Study alleges US sets aside
own security interest for Israel's

By Tom Regan
Christian Science Monitor
March 21, 2006

A research paper by two leading American political scientists alleges that the US relationship with Israel is not good for US security, and that the Israeli lobby in the US, particularly the American-Israel Public Affairs Committee, has helped exaggerate to the US media and public the importance of making the protection of Israel a key part of US foreign policy.

John J. Mearsheimer, a professor of political science and a co-director of the Program on International Security Policy at the University of Chicago, and Stephen M. Walt, academic dean of the Kennedy School, published their paper, "The Israeli Lobby and U.S. Foreign Policy," on the Kennedy School of Government at Harvard University website. A shorter version was also published by the London Review of Books.
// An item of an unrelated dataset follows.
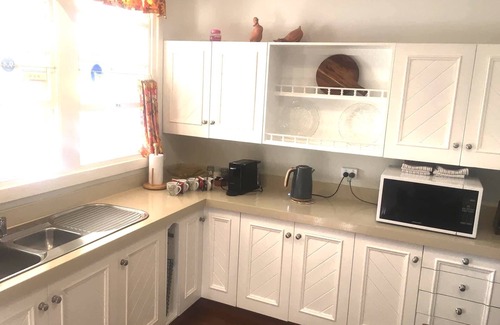 Barrington Other | Traditional Farmhouse Sleeps Up To 10, Wood Fire, Outdoor Bathhouse & Fast WiFi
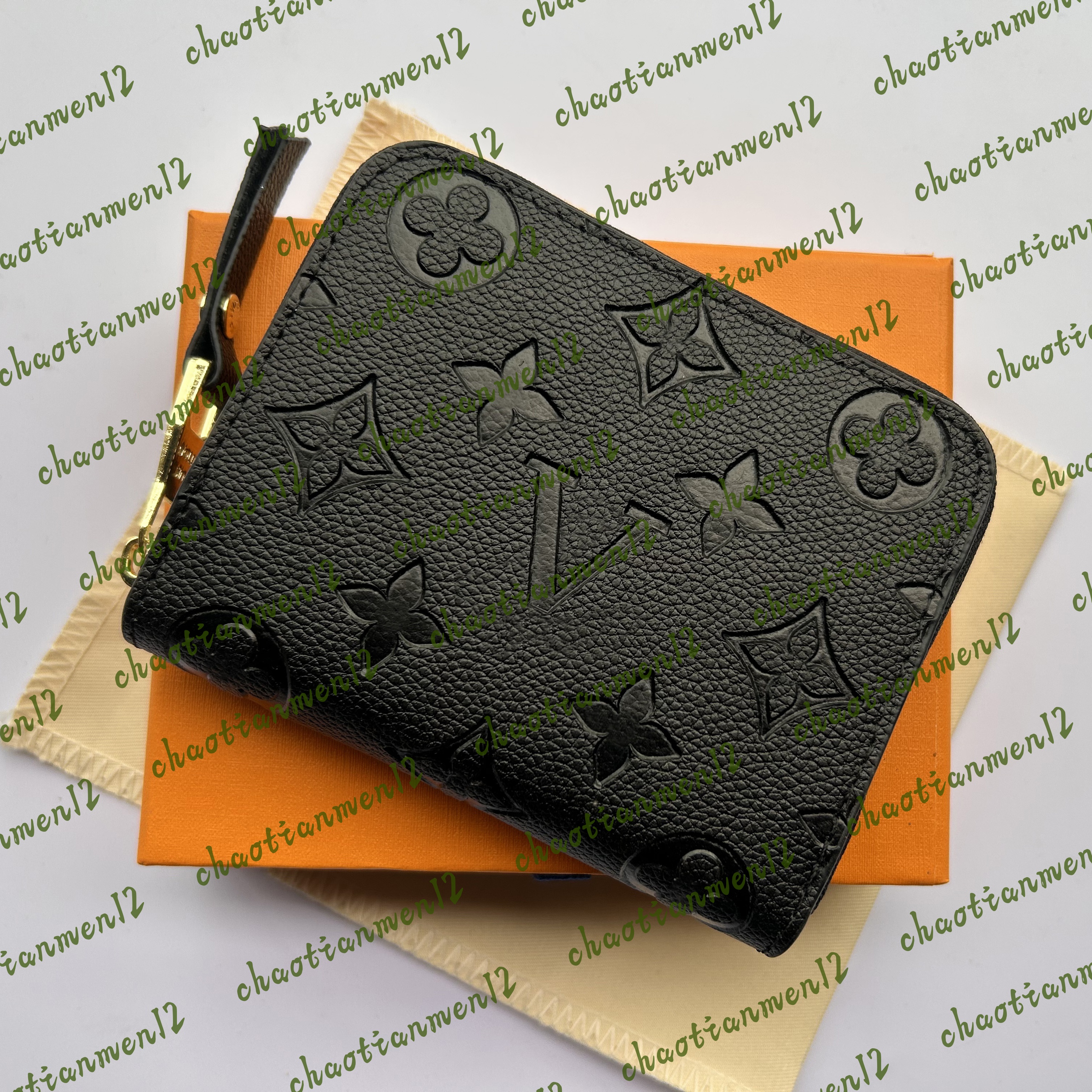 Single zipper WALLET the most stylish way to carry around money cards and coins men leather purse card holder short business women wallet M66067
Mr. Mearsheimer and Mr. Walt question the relationship between the two allies right from the beginning of the paper:

The US national interest should be the primary object of American foreign policy. For the past several decades, however, and especially since the Six Day War in 1967, the centerpiece of US Middle East policy has been its relationship with Israel. The combination of unwavering US support for Israel and the related effort to spread democracy throughout the region has inflamed Arab and Islamic opinion and jeopardized US security.
This situation has no equal in American political history. Why has the United States been willing to set aside its own security in order to advance the interests of another state? One might assume that the bond between the two countries is based on shared strategic interests or compelling moral imperatives. As we show below, however, neither of those explanations can account for the remarkable level of material and diplomatic support that the United States provides to Israel.

The 81-page paper then says that the "overall thrust of US policy in the region is due almost entirely to US domestic politics, and especially to the activities of the 'Israel Lobby.'" While other special interest groups have skewed US policy in their favor, the authors write that no group has been so successful at diverting the US national interest from what it should be as the Israel lobby, "while simultaneously convincing Americans that US and Israeli interests are essentially identical."
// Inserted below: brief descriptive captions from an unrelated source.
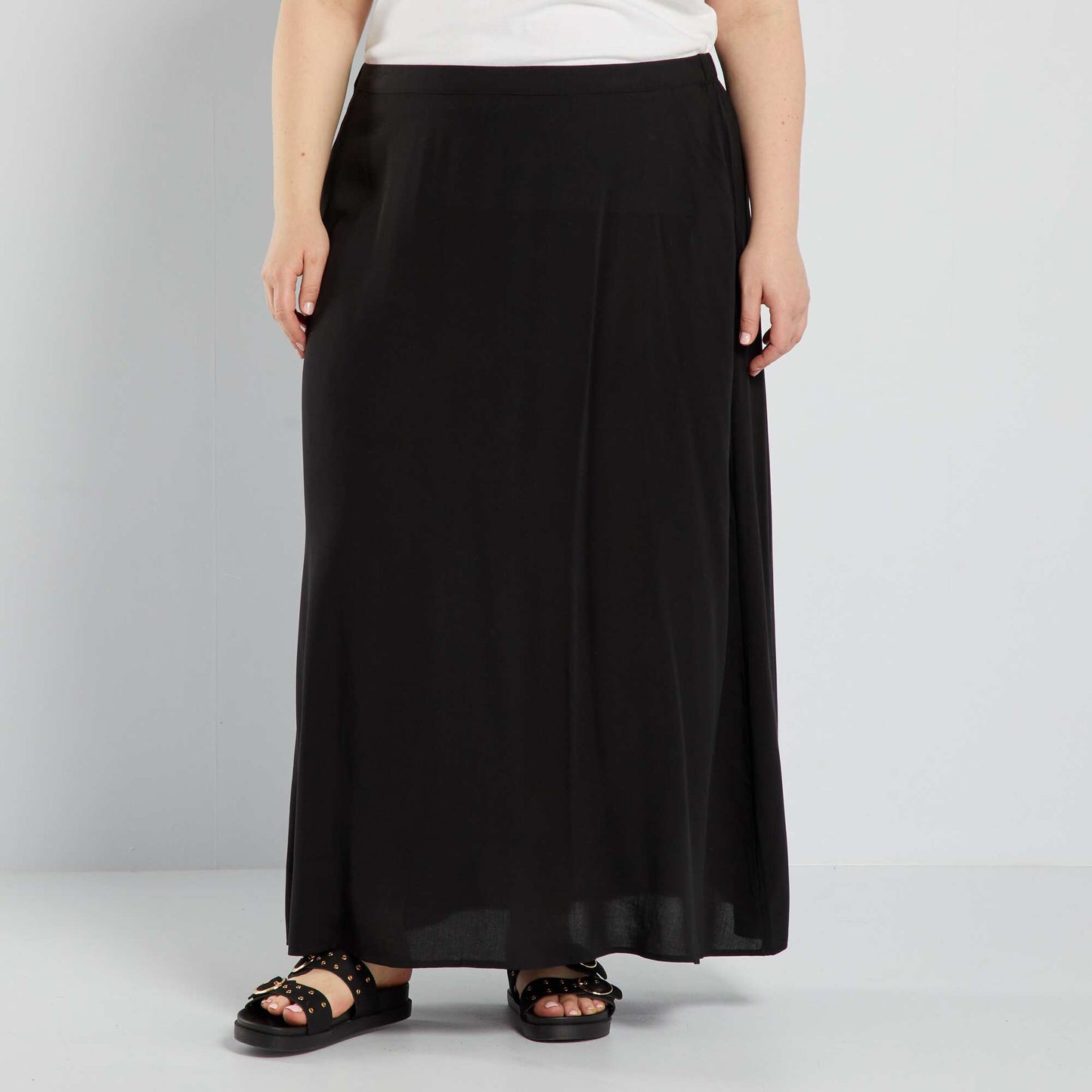 Lightweight  flowing A-line skirt Black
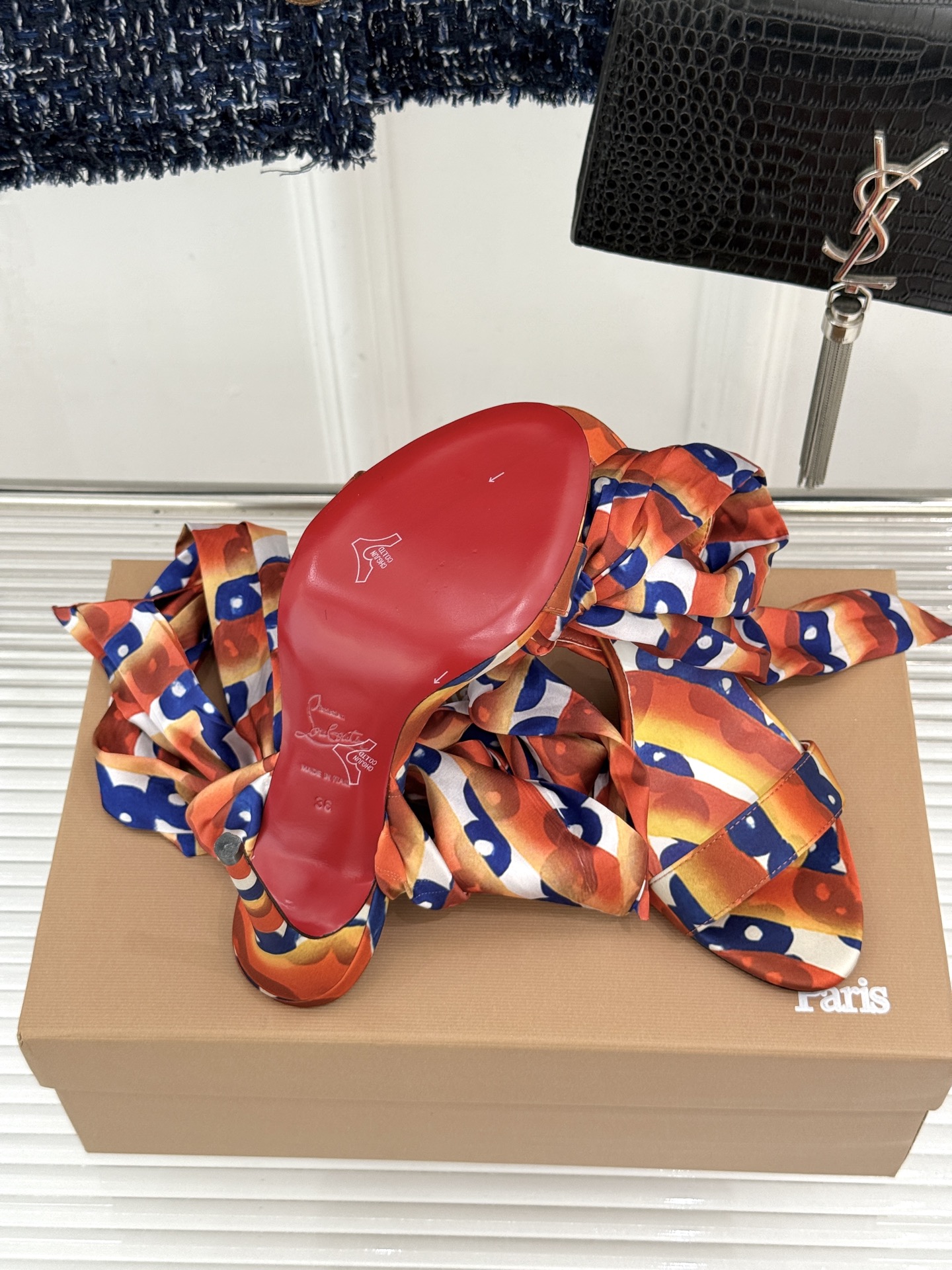 ChristinLouboutin/CL26WF新品彩色真丝蝴蝶结绑带高跟凉鞋把春日繁花揉进真丝里彩色缎 ChristinLouboutin/CL26WF新品彩色真丝蝴蝶结绑带高跟凉鞋把春日繁花揉进真丝里彩色缎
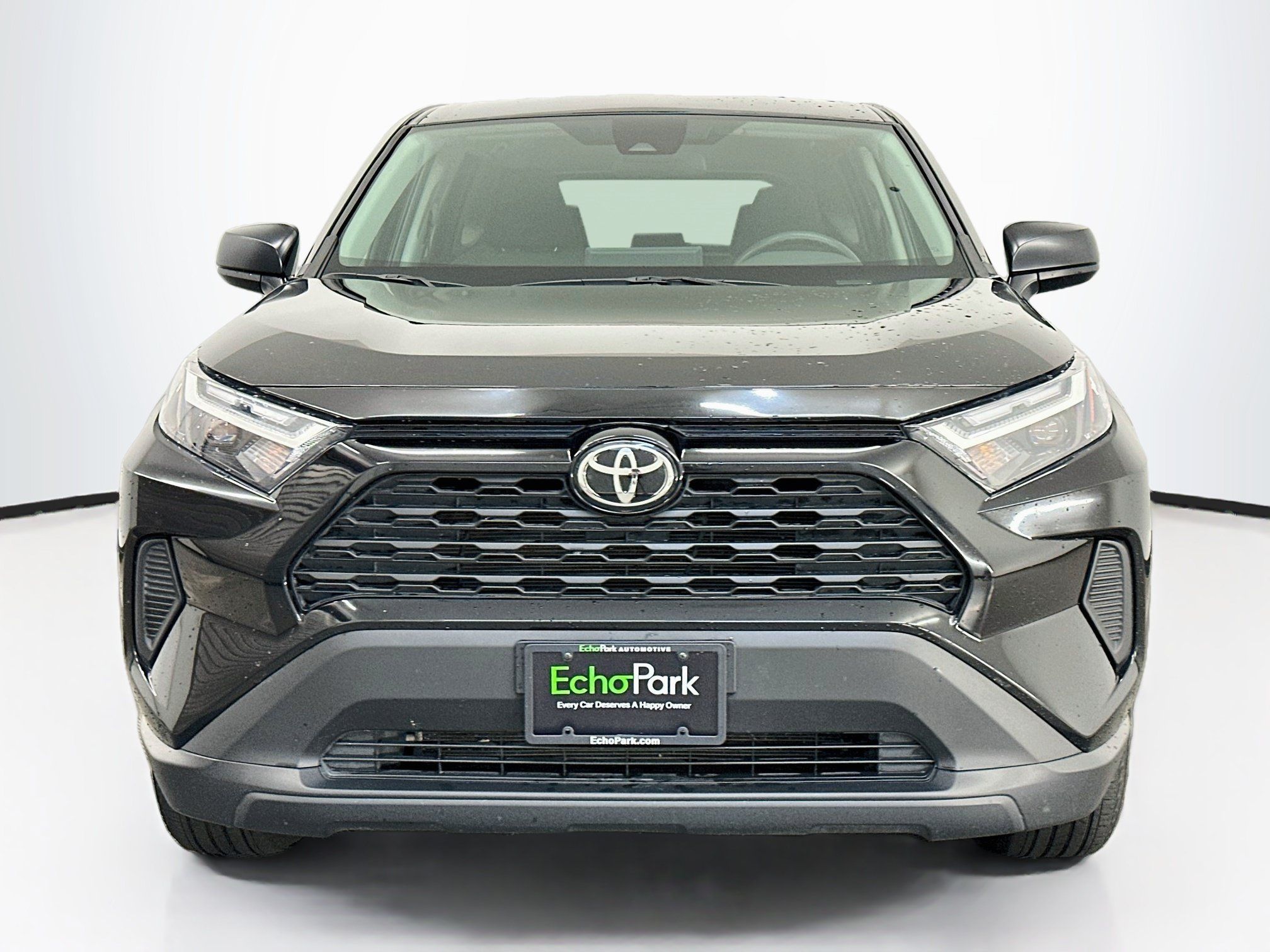 Used 2025 Toyota RAV4 LE AWD/4WD image 2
The paper also says that the unquestioning relationship with Israel actually makes winning the war on terror a much more difficult task.
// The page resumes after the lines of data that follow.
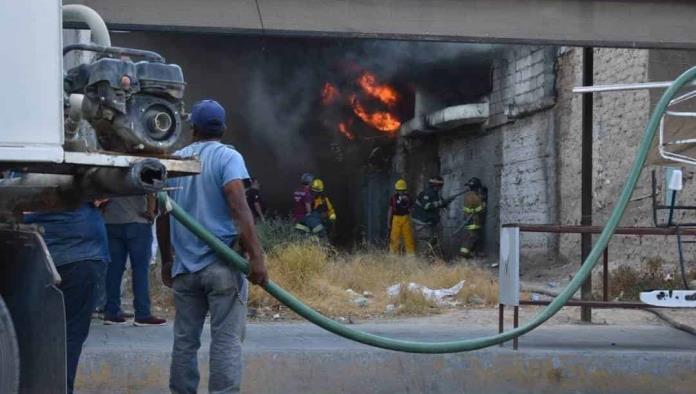 Arde Central de Dulces Frontera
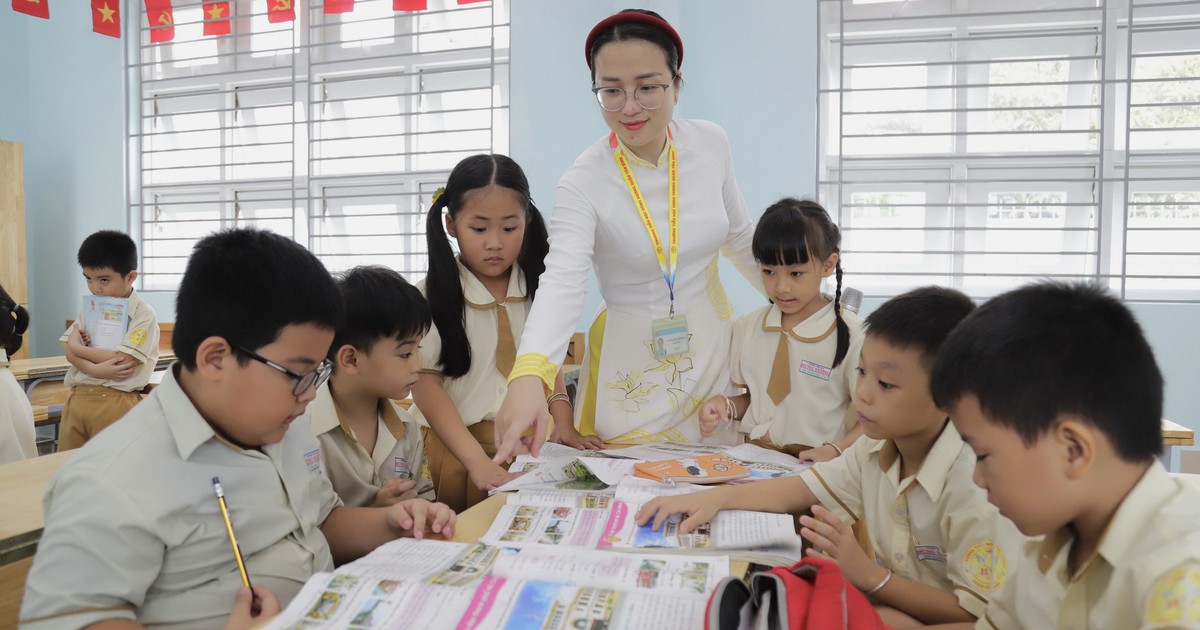 Sau khai giảng, trường mới sáp nhập báo chưa tổ chức bán trú, phụ huynh chới với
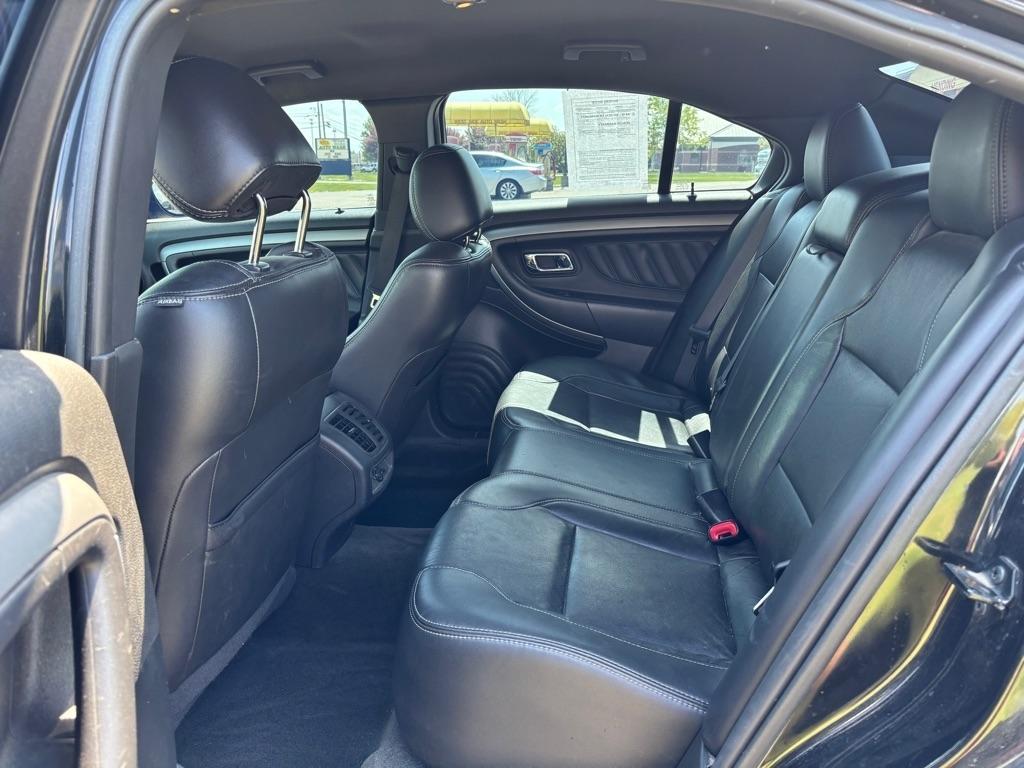 Ford Taurus 4dr Sdn SEL FWD 2013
More important, saying that Israel and the US are united by a shared terrorist threat has the causal relationship backwards: the US has a terrorism problem in good part because it is so closely allied with Israel, not the other way around. Support for Israel is not the only source of anti-American terrorism, but it is an important one, and it makes winning the war on terror more difficult. There is no question that many Al Qaeda leaders, including Osama bin Laden, are motivated by Israel’s presence in Jerusalem and the plight of the Palestinians. Unconditional support for Israel makes it easier for extremists to rally popular support and to attract recruits.
As for so-called rogue states in the Middle East, they are not a dire threat to vital US interests, except inasmuch as they are a threat to Israel. Even if these states acquire nuclear weapons – which is obviously undesirable – neither America nor Israel could be blackmailed, because the blackmailer could not carry out the threat without suffering overwhelming retaliation. The danger of a nuclear handover to terrorists is equally remote, because a rogue state could not be sure the transfer would go undetected or that it would not be blamed and punished afterwards. The relationship with Israel actually makes it harder for the US to deal with these states. Israel’s nuclear arsenal is one reason some of its neighbors want nuclear weapons, and threatening them with regime change merely increases that desire.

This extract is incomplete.